• _What to produce_
Only the number is wanted: how many lines below include "Birthday"?

[Crawled caption data]
+ + + + + + +

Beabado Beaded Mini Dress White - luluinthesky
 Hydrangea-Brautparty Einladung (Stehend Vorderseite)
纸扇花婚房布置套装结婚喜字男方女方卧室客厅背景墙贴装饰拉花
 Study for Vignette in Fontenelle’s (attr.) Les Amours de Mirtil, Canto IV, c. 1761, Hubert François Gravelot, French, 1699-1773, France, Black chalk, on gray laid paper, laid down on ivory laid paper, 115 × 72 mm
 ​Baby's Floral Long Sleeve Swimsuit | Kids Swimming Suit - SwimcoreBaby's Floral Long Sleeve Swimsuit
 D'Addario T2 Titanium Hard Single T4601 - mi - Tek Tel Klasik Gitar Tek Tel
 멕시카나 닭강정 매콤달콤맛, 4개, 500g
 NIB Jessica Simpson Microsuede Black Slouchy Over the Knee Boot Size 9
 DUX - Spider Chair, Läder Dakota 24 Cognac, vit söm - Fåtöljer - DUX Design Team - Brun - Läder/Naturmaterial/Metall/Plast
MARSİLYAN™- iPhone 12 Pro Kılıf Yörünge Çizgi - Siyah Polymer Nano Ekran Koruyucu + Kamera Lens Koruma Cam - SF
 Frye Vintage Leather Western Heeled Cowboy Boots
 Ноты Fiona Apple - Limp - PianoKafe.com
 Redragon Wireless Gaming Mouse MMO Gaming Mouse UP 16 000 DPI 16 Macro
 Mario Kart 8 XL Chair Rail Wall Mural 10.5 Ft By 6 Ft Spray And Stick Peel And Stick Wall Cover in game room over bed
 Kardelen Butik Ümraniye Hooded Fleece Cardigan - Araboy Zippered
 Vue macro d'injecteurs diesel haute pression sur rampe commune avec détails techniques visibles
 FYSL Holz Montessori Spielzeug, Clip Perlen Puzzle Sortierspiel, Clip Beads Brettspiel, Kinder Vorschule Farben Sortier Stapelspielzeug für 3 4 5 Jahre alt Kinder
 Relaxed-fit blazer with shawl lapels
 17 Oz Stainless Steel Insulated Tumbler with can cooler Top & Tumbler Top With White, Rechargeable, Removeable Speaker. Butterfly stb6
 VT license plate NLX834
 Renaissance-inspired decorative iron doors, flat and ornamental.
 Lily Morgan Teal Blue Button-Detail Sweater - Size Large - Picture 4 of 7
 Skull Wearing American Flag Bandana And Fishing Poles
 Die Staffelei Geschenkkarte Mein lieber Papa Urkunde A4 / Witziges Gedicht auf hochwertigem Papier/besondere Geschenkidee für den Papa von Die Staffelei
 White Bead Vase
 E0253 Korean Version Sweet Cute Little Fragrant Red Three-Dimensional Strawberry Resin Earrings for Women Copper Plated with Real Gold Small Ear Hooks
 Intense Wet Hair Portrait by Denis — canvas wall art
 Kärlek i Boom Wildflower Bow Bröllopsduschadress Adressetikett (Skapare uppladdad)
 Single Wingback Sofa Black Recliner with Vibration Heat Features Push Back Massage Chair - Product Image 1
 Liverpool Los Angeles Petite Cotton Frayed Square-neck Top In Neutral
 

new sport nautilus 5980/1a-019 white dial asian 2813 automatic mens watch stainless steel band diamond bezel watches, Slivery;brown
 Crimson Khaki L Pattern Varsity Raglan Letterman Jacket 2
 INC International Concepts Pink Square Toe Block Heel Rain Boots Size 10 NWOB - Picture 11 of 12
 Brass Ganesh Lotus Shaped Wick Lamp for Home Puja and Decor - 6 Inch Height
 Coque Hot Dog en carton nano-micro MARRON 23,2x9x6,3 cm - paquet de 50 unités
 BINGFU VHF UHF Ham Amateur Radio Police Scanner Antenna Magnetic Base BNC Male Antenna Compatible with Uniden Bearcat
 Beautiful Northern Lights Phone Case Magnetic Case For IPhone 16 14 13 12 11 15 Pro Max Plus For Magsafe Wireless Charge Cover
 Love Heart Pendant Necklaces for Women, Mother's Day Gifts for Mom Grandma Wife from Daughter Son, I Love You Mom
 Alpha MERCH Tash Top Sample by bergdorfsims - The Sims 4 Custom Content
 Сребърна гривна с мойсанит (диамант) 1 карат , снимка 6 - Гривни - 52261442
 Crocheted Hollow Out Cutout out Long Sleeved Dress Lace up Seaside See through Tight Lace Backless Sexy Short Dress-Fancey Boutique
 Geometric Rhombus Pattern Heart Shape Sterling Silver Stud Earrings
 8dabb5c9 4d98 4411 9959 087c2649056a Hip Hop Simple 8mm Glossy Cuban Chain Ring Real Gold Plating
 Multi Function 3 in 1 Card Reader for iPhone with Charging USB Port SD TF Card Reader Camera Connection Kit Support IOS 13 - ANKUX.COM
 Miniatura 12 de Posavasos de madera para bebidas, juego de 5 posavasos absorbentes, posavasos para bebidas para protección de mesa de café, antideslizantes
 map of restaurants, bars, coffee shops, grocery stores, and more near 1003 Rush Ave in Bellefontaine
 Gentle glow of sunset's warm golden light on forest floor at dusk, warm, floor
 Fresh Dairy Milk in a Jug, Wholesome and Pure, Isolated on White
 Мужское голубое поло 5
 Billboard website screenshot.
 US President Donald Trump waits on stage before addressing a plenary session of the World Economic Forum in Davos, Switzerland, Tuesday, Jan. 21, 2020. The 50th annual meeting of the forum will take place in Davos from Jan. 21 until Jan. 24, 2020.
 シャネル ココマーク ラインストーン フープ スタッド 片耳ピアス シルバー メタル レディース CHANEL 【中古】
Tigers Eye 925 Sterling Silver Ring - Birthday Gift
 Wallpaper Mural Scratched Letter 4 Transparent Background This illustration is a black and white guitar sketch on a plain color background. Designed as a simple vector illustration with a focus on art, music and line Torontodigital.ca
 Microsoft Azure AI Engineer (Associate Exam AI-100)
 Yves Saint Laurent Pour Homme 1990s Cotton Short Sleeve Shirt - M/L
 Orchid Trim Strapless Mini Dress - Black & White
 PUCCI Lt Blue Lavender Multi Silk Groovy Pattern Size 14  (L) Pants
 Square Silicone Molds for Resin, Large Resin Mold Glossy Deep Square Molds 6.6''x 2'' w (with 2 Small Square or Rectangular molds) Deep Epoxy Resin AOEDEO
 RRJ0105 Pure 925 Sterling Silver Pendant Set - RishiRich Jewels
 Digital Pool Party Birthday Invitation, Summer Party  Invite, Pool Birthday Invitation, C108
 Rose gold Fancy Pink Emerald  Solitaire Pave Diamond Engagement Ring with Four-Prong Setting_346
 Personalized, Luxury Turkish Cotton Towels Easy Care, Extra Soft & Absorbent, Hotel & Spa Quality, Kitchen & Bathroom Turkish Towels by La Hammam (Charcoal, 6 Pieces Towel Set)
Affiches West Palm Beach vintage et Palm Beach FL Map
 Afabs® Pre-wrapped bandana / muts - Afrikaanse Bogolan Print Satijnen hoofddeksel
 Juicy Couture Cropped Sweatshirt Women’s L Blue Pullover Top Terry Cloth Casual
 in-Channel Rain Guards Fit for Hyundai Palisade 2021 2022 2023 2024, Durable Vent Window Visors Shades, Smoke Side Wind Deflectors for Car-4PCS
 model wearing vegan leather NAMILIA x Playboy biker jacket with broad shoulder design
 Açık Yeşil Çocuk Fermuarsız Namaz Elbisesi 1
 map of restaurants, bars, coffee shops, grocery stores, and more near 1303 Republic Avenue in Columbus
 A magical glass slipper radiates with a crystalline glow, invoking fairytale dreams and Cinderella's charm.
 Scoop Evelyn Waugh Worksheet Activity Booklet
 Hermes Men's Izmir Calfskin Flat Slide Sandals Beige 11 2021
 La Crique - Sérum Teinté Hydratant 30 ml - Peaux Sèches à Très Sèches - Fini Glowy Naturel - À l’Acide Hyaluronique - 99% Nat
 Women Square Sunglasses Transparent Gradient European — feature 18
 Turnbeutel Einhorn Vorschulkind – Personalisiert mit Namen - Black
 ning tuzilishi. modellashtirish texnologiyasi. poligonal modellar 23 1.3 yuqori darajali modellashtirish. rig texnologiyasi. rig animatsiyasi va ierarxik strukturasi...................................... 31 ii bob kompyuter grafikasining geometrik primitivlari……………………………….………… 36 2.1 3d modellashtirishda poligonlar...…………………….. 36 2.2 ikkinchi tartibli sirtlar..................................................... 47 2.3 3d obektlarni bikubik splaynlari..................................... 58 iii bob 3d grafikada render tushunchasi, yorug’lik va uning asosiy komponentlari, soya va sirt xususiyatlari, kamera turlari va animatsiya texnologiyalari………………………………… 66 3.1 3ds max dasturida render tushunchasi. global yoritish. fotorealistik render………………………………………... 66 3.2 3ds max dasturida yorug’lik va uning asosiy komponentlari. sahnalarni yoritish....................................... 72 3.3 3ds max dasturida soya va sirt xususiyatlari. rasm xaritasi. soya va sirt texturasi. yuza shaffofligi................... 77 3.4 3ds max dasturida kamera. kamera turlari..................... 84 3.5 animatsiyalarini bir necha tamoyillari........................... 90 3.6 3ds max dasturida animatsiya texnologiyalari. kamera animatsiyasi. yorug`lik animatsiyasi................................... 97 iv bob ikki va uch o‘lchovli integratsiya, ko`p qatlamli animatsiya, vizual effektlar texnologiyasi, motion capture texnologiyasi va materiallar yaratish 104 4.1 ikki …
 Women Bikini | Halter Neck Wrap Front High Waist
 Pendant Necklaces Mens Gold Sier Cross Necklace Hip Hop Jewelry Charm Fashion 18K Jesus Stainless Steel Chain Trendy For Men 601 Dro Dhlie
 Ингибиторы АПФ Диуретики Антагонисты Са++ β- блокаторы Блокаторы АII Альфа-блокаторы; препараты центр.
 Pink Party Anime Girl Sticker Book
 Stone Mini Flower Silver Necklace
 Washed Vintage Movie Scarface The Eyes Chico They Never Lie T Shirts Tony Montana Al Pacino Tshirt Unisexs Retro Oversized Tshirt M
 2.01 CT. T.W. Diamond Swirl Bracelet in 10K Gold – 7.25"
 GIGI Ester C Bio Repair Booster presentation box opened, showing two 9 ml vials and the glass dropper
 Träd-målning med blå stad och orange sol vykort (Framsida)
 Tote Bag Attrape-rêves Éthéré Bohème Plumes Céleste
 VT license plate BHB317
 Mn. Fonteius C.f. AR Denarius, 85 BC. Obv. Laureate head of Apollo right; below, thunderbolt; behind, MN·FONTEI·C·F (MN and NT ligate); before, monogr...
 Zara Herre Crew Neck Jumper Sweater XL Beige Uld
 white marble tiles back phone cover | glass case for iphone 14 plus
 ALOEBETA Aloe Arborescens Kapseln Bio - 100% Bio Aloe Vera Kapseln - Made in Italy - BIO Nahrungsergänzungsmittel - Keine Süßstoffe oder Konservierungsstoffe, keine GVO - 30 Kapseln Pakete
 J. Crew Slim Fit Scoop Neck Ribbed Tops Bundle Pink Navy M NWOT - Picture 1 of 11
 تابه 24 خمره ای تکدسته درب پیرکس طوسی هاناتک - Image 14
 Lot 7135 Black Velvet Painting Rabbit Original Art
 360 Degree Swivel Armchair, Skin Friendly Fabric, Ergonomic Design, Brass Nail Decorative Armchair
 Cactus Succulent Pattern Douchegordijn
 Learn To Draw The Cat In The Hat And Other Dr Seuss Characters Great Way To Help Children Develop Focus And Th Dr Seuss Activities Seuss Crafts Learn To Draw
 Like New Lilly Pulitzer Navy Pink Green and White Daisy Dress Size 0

+ + + + + + +

• _Exercise result_
2